Au fil des ans, Sautbay a donné plusieurs interviews. Les détails de son histoire ont continué à évoluer dans un sens anti-chinois.
- Au cours des premiers entretiens, Sautbay affirmait avoir été instructrice dans un camp de rééducation. Puis dans des entretiens ultérieurs, elle a affirmé avoir été détenue.
- Dans des entretiens plus récents, elle affirme avoir été témoin de tortures et de violences dans les camps. Dans des entretiens antérieurs, elle avait réfuté ces affirmations.
- Dans une histoire, elle affirme avoir observé des viols en masse. Dans des entretiens plus anciens, elle insistait sur le fait qu’elle n’avait observé aucune violence.
- Alors qu’elle affirme aujourd’hui que les détenus des camps sont obligés de manger du porc, elle avait auparavant déclaré qu’aucune viande n’était servie dans les camps.
En juillet 2018, la chaîne de télévision américaine RFE/RL a fait un reportage sur le procès de Sautbay au Kazakhstan :
Le procès d'une citoyenne chinoise d'ethnie kazakh accusée d'être entrée illégalement au Kazakhstan a des implications qui vont bien au-delà de la question de savoir si elle sera réunie avec sa famille près d'Almaty ou si elle sera expulsée vers la Chine. En effet, Sayragul Sauytbay, 41 ans, a témoigné de l'existence d'un réseau de "camps de rééducation" en Chine occidentale où, selon elle, des milliers de Kazakhs sont incarcérés pour "endoctrinement politique". Contrairement à d'autres personnes qui ont fui à l'étranger en disant qu'elles avaient été forcées d'endurer un endoctrinement déshumanisant dans de tels camps, Sauytbay n'était pas détenue dans un camp. Elle y était employée. Avant d'entrer au Kazakhstan le 5 avril, Sauytbay était directrice d'un jardin d'enfants - un poste qui, avec son appartenance au parti communiste, faisait techniquement d’elle une officielle de l’État. Elle raconte que les autorités chinoises l'ont obligée à former des instructeurs d'"idéologie politique" pour les camps de rééducation de la région autonome ouïghoure du Xinjiang, dans l'ouest de la Chine.

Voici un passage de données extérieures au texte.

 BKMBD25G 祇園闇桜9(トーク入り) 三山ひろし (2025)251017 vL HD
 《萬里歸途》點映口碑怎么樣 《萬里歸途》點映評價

Selon ce rapport, l’« ancienne détenue » évoquée par Al Jazeerah aurait en fait prétendu être une formatrice d’instructeurs en « idéologie politique » pour les camps de rééducation, et non un formatrice pour les détenus.
Cette position, dit-elle, lui a donné accès à des documents secrets sur le programme d'État chinois visant à "rééduquer" les musulmans des communautés minoritaires indigènes de l'ouest de la Chine - principalement les Ouïghours, les Kazakhs, les Kirghizes et les Huis. Elle a également été témoin du fonctionnement du programme lorsqu'elle travaillait dans un camp pour Kazakhs dans le district de Mongol-Kuro.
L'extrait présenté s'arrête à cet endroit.